Question

The speed is needed for a gas molecule to escape from a planet is ___​

Answer 1

To find:

Speed of gas molecules needed to escape from a planet.

Calculation:

Let mass of planet be M , mass of gas be m , radius of planet be r and Universal Gravitational Constant be G ;

So, the gas molecules need to have such a kinetic energy such that it can escape earth's Gravitational field and theoretically reach infinity.

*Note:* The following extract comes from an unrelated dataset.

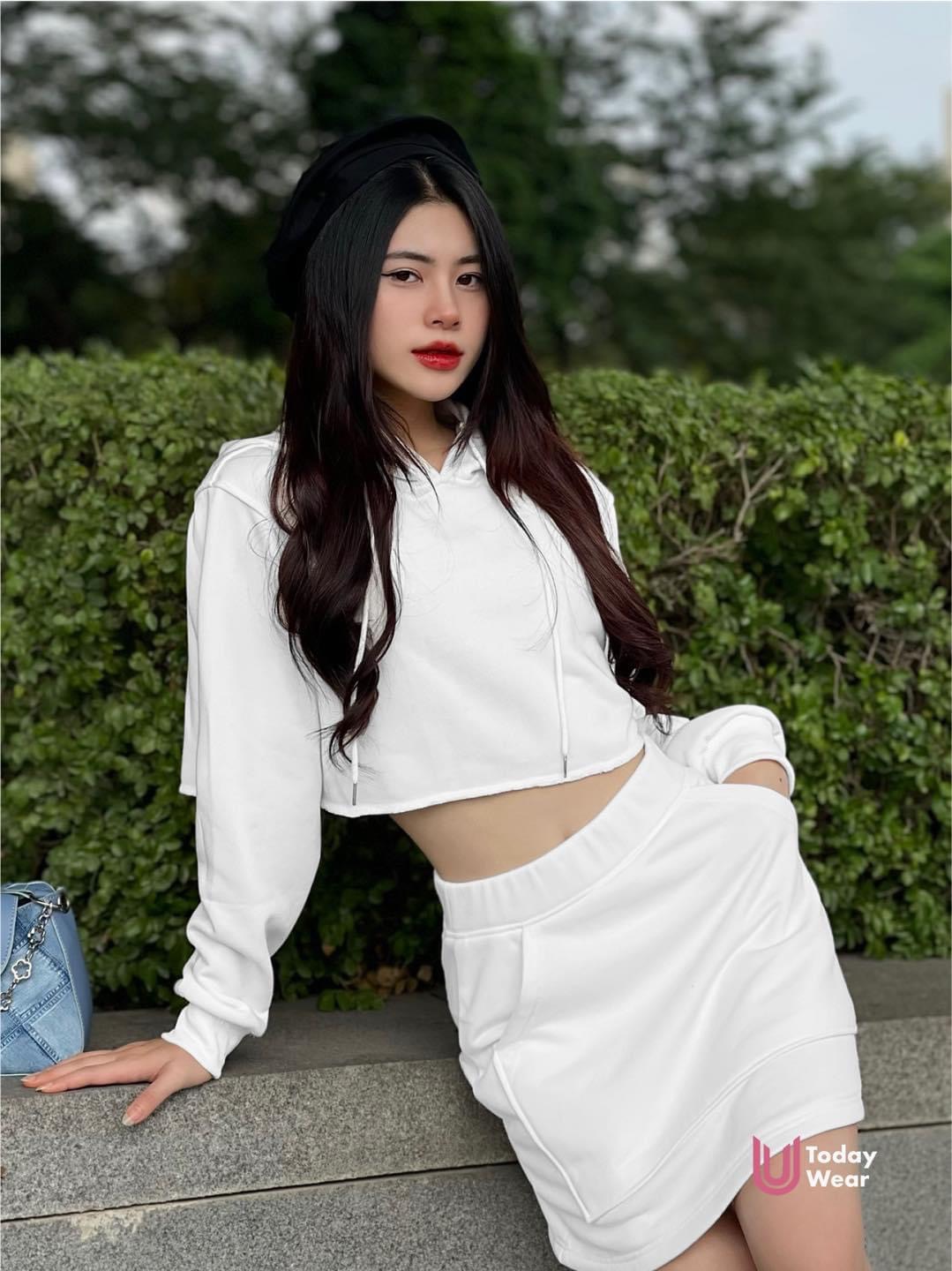 Áo Basic Hoodie Croptop_thumbnail_2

$\rm{ \therefore \: KE1 + PE1 = KE2 + PE2}$

$\rm{ = > \dfrac{1}{2} m {(v_{esc} )}^{2} - \dfrac{GMm}{r} = 0 + 0}$

$\rm{ = > \dfrac{1}{2} m {(v_{esc} )}^{2} - \dfrac{GMm}{r} = 0}$

$\rm{ = > \dfrac{1}{2} m {(v_{esc} )}^{2} = \dfrac{GMm}{r} }$

$\rm{ = > \dfrac{1}{2} {(v_{esc} )}^{2} = \dfrac{GM}{r} }$

$\rm{ = > {(v_{esc} )}^{2} = \dfrac{2GM}{r} }$

$\boxed{ \rm{ = > v_{esc} = \sqrt{\dfrac{2GM}{r}} }}$

So, for any gas to escape a planet , this Velocity is required.

• Note that escape velocity doesn't depend on mass of gas.

• For example , in case of Earth the value comes as 11.2 km/sec.

Hope It Helps.